Understanding the Evolution of AI, Machine Learning, and Deep Learning
First, a little context…
Deep learning is a subset of machine learning, which in turn is a subset of artificial intelligence, but the origins of these names arose from an interesting history. In addition, there are fascinating technical characteristics that can differentiate deep learning from other types of machine learning…essential working knowledge for anyone with ML, DL, or AI in their skillset.
If you are looking to improve your skill set or steer business/research strategy in 2021, you may come across articles decrying a skills shortage in deep learning. A few years ago, you would have read the same about a shortage of professionals with machine learning skills, and just a few years before that the emphasis would have been on a shortage of data scientists skilled in “big data.”
Likewise, we’ve heard Andrew Ng telling us for years that “AI is the new electricity”, and the advent of AI in business and society is constantly suggested to have an impact similar to that of the industrial revolution. While warnings of skills shortages are arguably overblown, why do we seem to change our ideas about what skills are most in-demand faster than those roles can be filled in the first place?
More broadly, and with the benefit of 20/20 hindsight, why does AI research have so many different names and guises over the years?
Searching jobs site Indeed.com for “deep learning” yields about 49,000 hits as of this writing. That’s a bit funny, because deep learning is a subset of machine learning, which in turn is a field within artificial intelligence, and searches for ML and AI yielded ~40,000 and ~39,000 jobs, respectively.

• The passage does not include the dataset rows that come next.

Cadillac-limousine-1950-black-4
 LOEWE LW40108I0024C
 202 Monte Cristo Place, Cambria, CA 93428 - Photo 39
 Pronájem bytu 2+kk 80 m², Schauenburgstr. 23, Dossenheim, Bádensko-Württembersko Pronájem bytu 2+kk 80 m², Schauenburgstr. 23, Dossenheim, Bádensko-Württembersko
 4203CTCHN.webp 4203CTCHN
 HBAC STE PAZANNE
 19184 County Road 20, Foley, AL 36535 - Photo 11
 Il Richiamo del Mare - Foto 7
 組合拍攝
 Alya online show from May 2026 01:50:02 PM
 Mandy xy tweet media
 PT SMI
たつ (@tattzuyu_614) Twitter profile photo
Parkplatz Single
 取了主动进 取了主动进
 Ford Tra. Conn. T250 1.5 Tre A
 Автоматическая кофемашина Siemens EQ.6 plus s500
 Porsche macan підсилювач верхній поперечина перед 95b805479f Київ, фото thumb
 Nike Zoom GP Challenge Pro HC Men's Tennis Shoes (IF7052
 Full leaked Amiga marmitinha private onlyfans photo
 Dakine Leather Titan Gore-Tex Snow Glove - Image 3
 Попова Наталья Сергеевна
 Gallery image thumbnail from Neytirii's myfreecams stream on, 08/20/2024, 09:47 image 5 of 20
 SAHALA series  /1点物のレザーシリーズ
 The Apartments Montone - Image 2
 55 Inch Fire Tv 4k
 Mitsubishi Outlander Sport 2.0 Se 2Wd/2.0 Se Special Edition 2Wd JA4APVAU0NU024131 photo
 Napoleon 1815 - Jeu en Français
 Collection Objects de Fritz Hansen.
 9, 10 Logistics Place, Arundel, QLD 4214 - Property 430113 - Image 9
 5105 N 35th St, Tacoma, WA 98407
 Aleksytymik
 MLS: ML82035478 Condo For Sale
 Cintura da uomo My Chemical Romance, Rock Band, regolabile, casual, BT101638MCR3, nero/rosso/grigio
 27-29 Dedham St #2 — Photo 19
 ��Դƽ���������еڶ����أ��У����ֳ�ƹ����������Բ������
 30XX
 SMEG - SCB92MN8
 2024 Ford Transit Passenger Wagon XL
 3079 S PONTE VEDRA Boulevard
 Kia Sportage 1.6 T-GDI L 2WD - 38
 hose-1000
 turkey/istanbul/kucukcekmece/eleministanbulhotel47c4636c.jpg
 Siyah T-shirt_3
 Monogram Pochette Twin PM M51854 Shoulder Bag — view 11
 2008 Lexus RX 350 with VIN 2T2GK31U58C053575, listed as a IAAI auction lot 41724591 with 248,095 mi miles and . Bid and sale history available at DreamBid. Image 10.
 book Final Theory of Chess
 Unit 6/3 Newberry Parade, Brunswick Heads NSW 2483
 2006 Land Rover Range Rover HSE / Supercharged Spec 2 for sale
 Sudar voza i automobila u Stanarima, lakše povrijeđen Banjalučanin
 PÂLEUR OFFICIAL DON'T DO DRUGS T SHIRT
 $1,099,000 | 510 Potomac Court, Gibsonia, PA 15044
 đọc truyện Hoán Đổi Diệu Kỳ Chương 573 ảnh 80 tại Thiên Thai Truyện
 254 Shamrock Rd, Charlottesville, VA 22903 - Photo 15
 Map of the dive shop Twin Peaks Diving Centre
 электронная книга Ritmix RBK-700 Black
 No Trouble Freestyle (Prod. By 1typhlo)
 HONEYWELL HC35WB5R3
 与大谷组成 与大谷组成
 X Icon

If deep learning is a part of AI, why are there ~20% fewer jobs open for the latter? The answer is that the terms we use for these fields often have as much to do with trends and marketability as they do with any substantive differences. That’s not to say that we can’t differentiate the different categories based on technical characteristics, we’ll do that too!
In fact, there are several very interesting emergent characteristics separating deep learning from “classical” machine learning including shallow neural networks and statistical learning. Before we talk about those, let’s take a walk through the history of AI, where we’ll see that much of the popularity of various AI terms has to do with generating high expectations before later falling short and eventually re-branding to re-establish credibility when new ideas lead to new solutions to old problems.
The Dartmouth Workshop: Artificial Intelligence gets its Name
The Dartmouth workshop was an extended summer conference of a small number of prominent mathematicians and scientists in 1956.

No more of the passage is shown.